** Provided records follows **

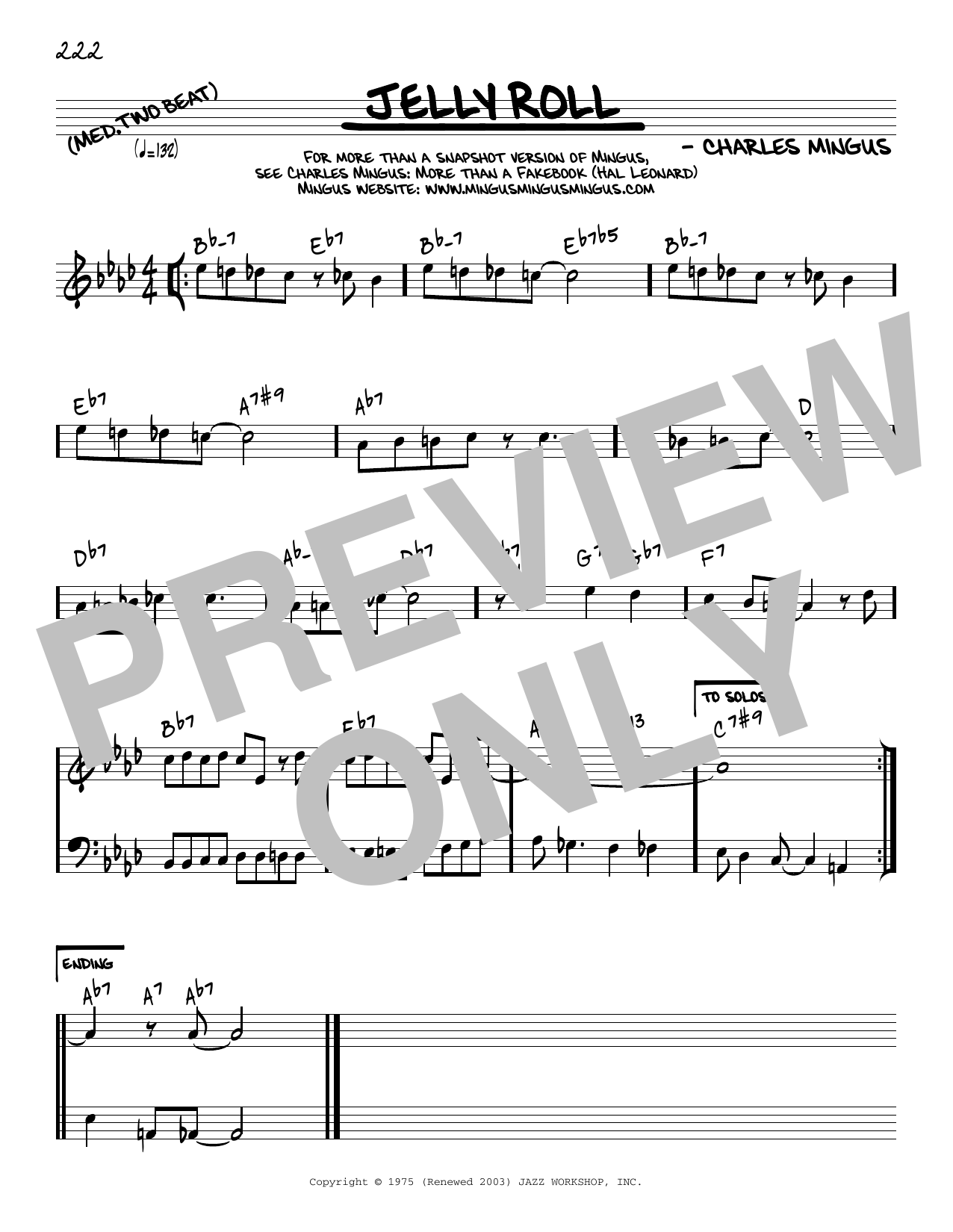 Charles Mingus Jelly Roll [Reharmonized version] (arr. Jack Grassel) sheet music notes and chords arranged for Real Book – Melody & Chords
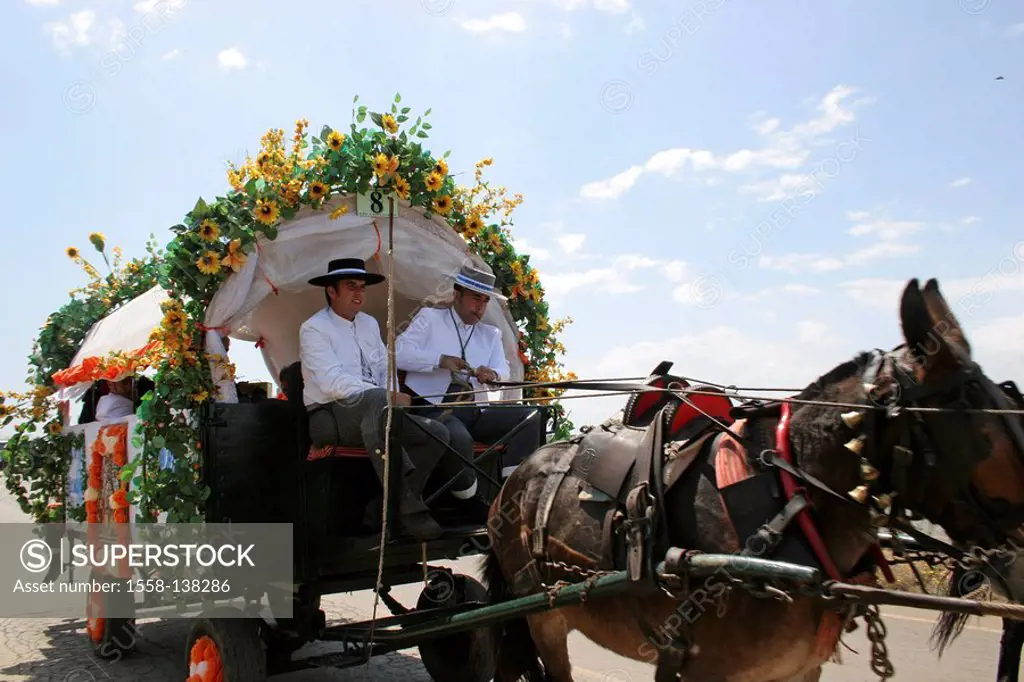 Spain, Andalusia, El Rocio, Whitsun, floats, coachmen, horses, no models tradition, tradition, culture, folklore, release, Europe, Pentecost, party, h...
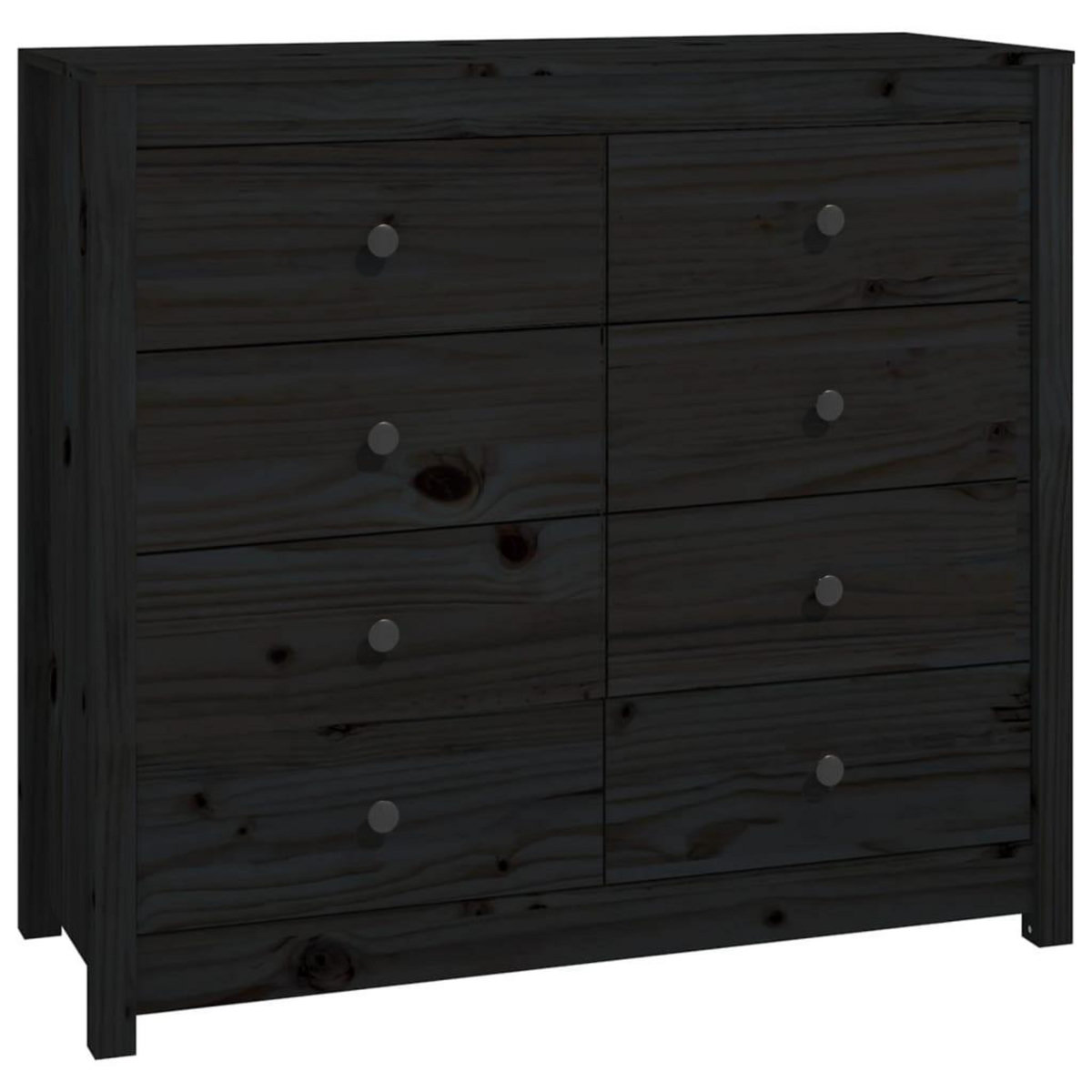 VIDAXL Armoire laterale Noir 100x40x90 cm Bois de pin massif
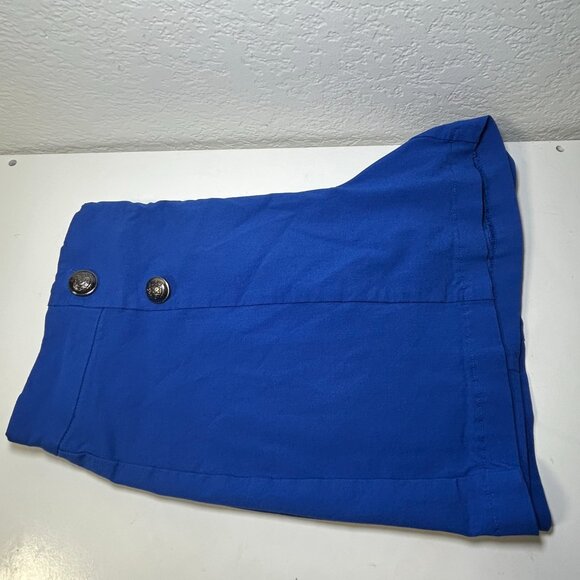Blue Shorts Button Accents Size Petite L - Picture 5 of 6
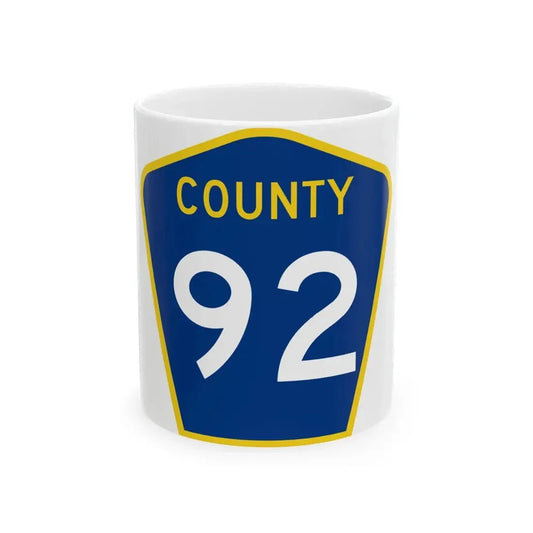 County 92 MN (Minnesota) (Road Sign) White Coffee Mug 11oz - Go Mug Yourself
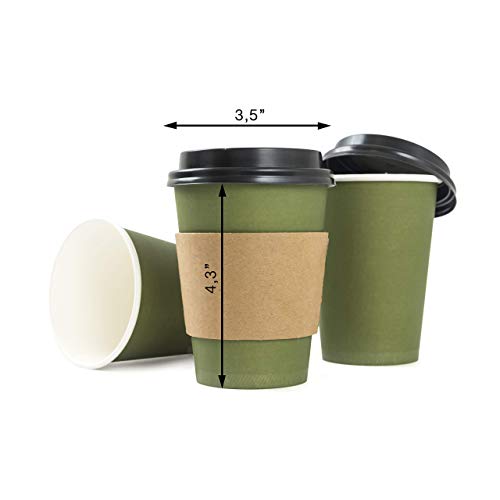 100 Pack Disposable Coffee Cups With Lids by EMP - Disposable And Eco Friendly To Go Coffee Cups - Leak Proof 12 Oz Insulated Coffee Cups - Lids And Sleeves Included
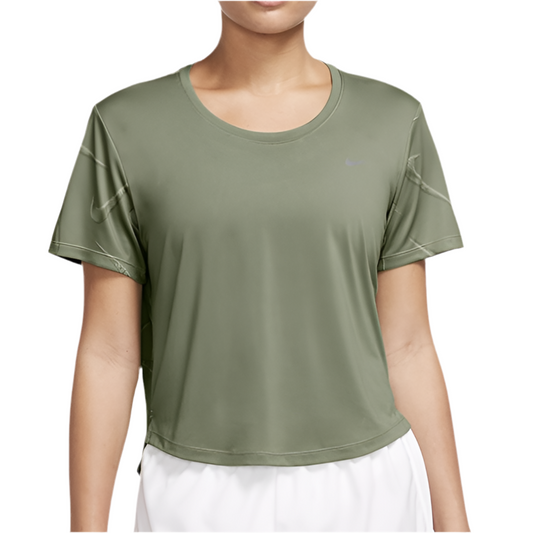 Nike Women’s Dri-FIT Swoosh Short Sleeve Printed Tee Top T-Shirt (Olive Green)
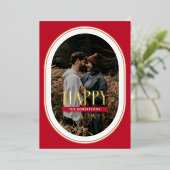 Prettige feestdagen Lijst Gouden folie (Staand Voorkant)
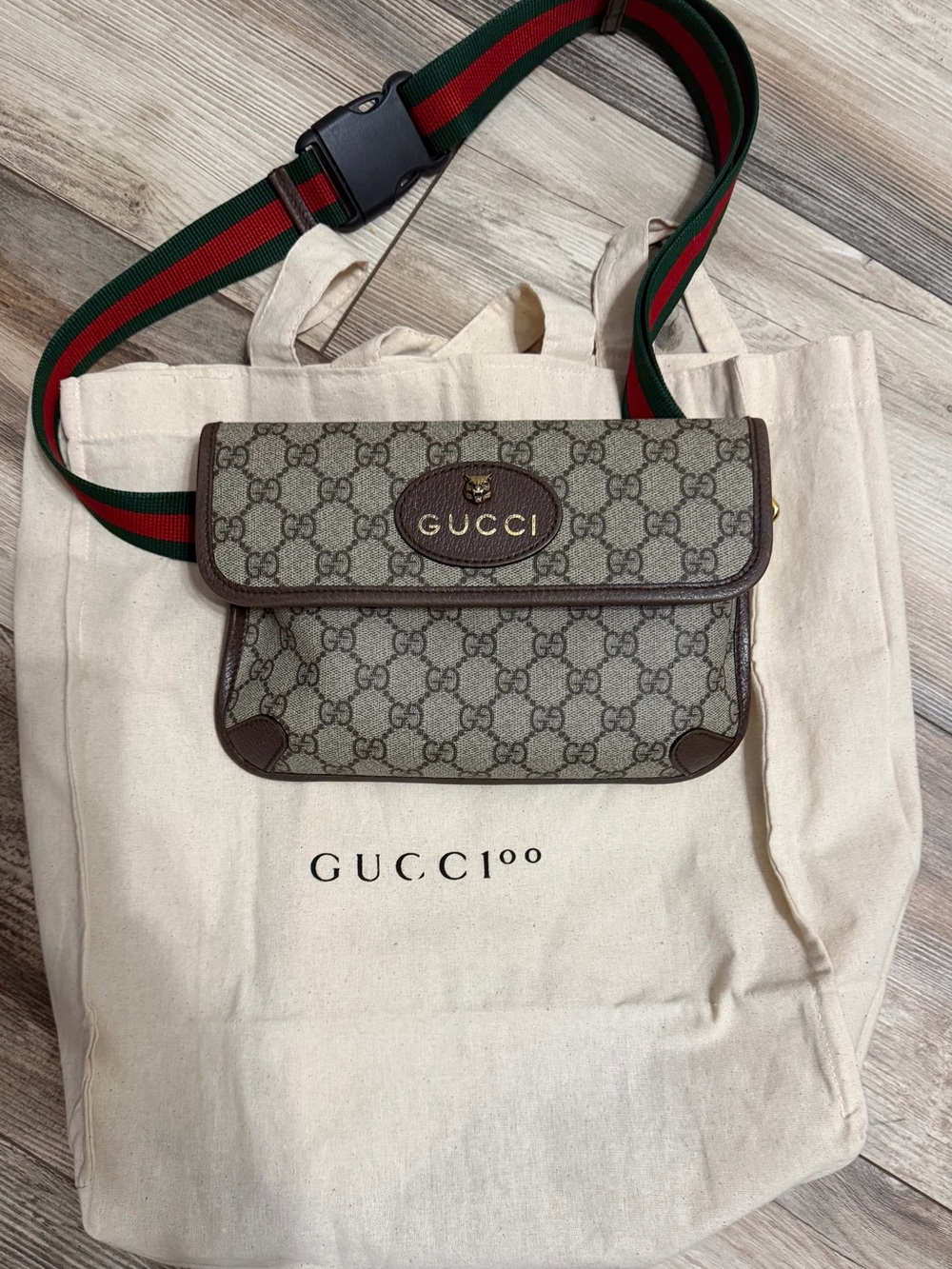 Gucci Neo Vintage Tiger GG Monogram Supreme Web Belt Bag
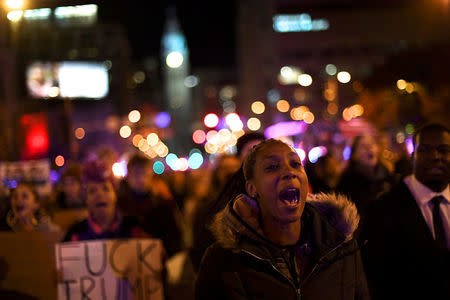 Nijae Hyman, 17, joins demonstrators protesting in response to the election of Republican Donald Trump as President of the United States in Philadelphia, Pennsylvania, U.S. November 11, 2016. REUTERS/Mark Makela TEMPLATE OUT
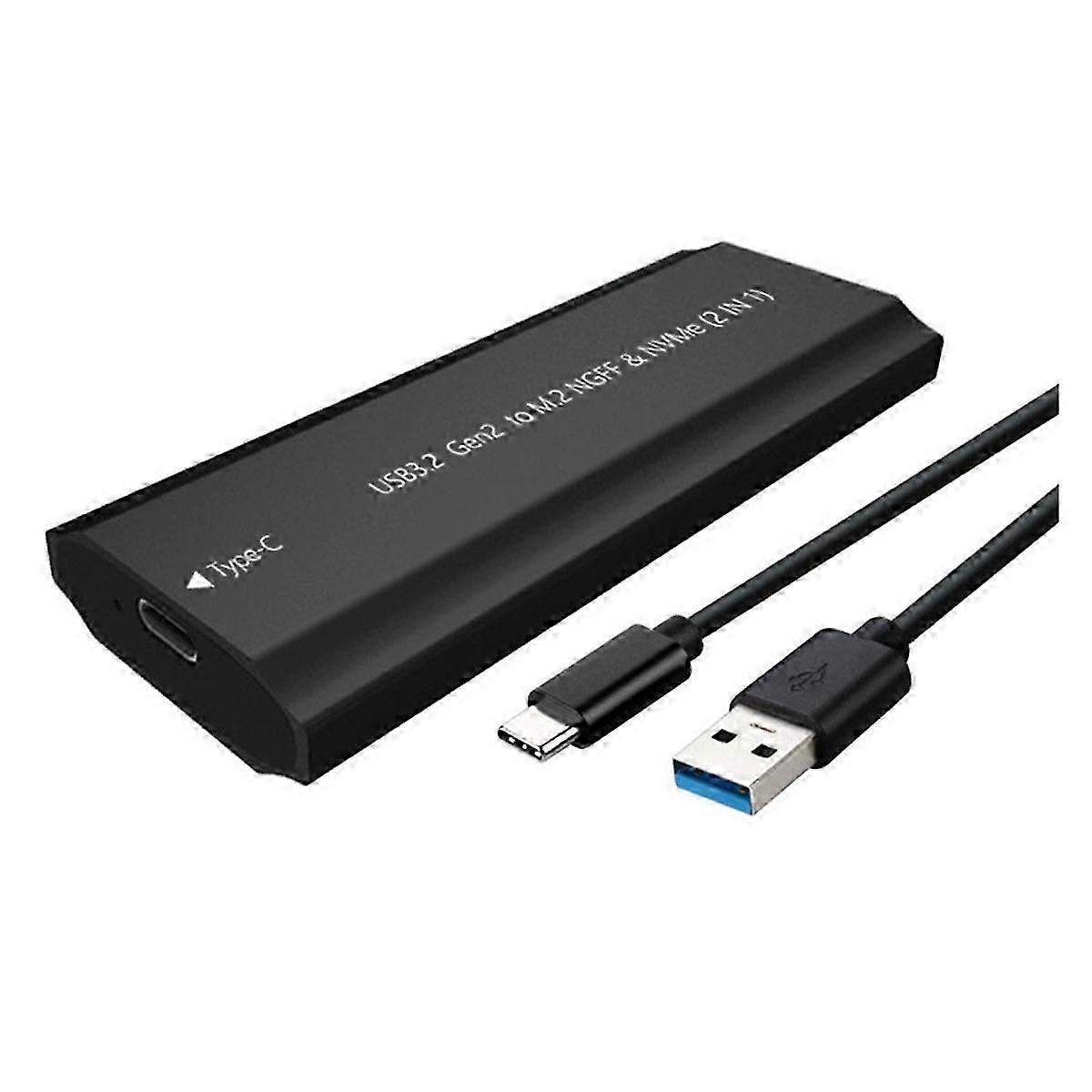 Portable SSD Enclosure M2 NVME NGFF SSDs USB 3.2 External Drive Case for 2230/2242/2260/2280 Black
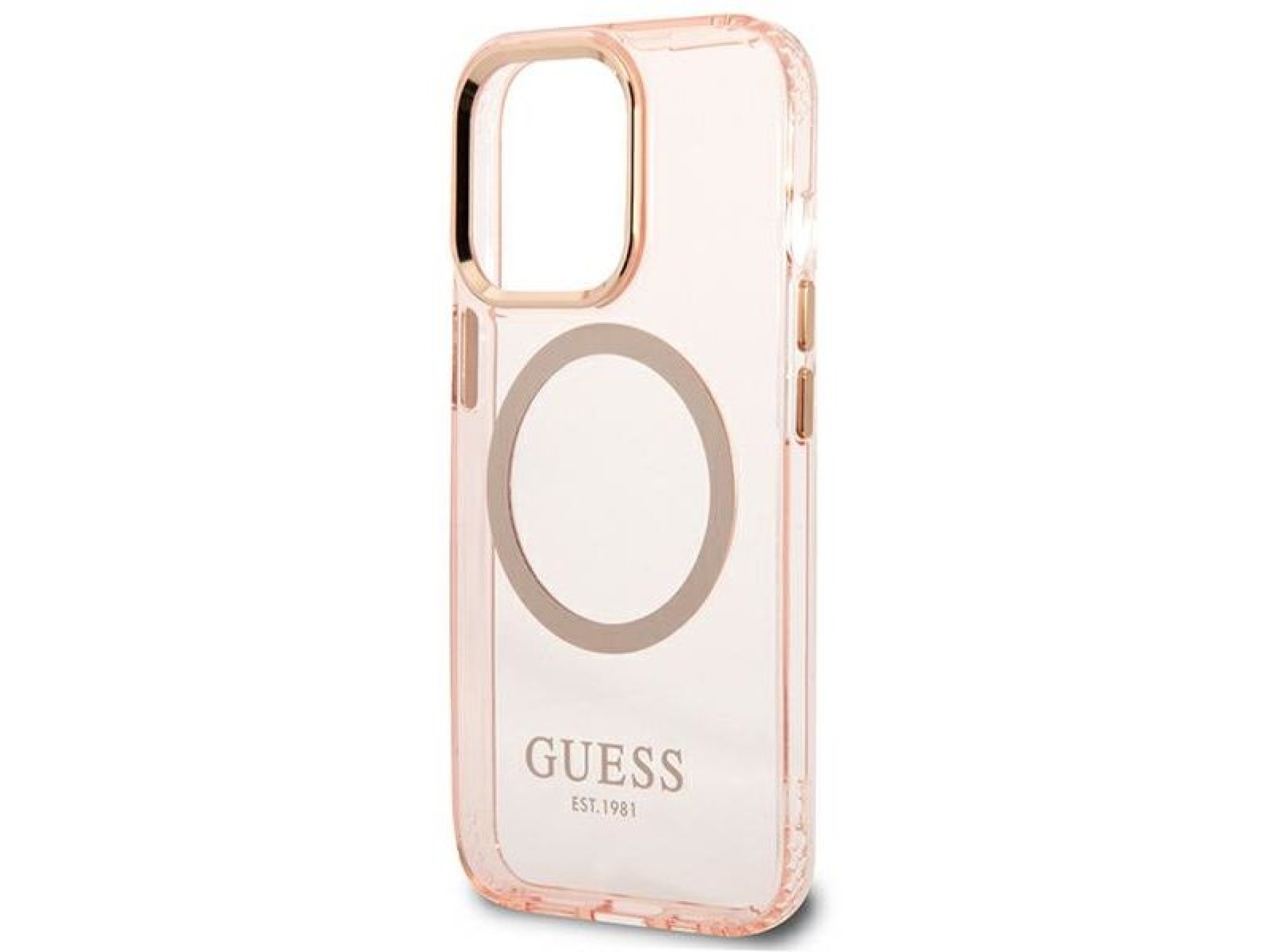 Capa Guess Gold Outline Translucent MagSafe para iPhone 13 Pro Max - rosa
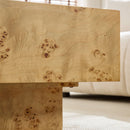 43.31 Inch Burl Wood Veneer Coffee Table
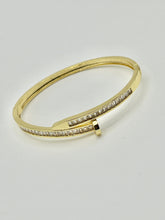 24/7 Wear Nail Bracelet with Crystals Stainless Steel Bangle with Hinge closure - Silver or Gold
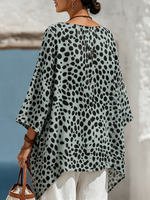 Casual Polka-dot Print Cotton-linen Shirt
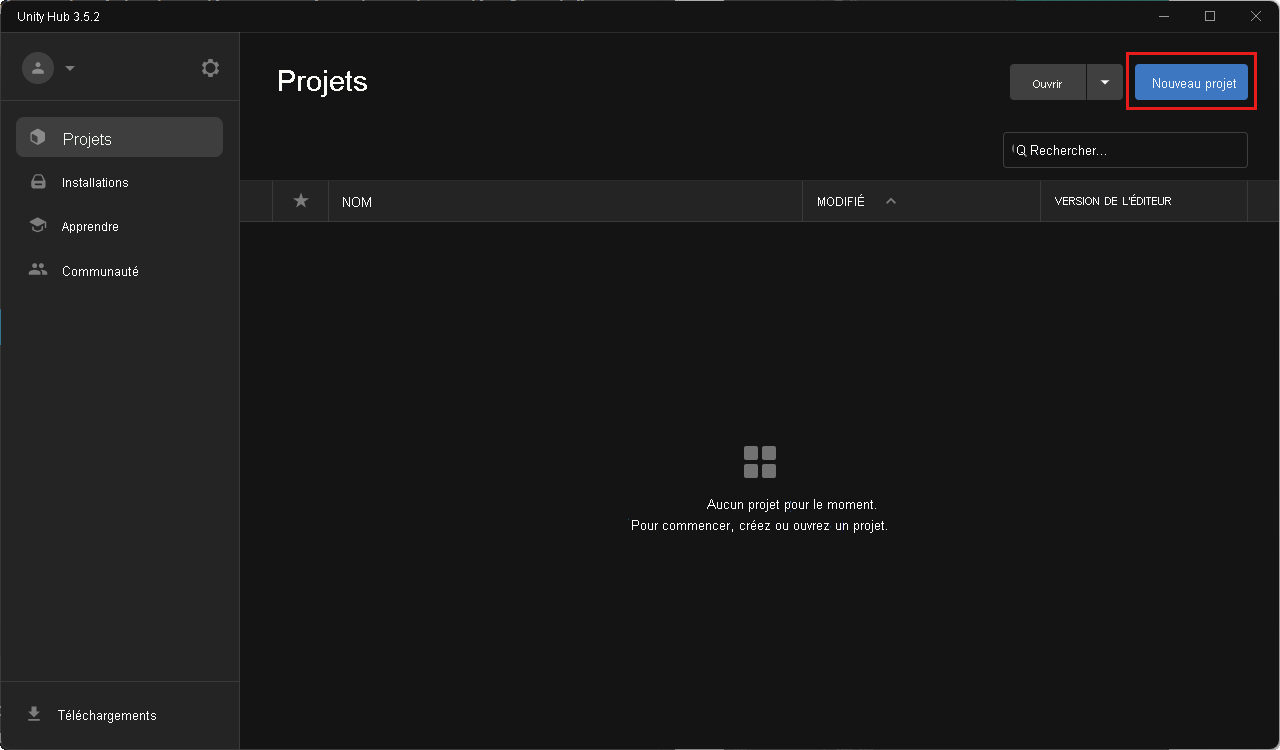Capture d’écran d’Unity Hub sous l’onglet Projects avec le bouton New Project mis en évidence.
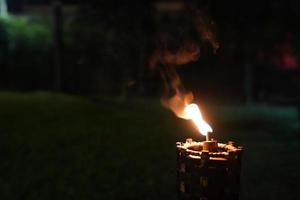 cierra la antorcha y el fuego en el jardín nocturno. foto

** End of Provided records **

Leave out every picture, and write out exactly the lines from the one with "Portable SSD Enclosure" through the end of the records above, both ends included.

*Response to this exercise*:
 Portable SSD Enclosure M2 NVME NGFF SSDs USB 3.2 External Drive Case for 2230/2242/2260/2280 Black
 Capa Guess Gold Outline Translucent MagSafe para iPhone 13 Pro Max - rosa
 43.31 Inch Burl Wood Veneer Coffee Table
 24/7 Wear Nail Bracelet with Crystals Stainless Steel Bangle with Hinge closure - Silver or Gold
 Casual Polka-dot Print Cotton-linen Shirt
Capture d’écran d’Unity Hub sous l’onglet Projects avec le bouton New Project mis en évidence.
 cierra la antorcha y el fuego en el jardín nocturno. foto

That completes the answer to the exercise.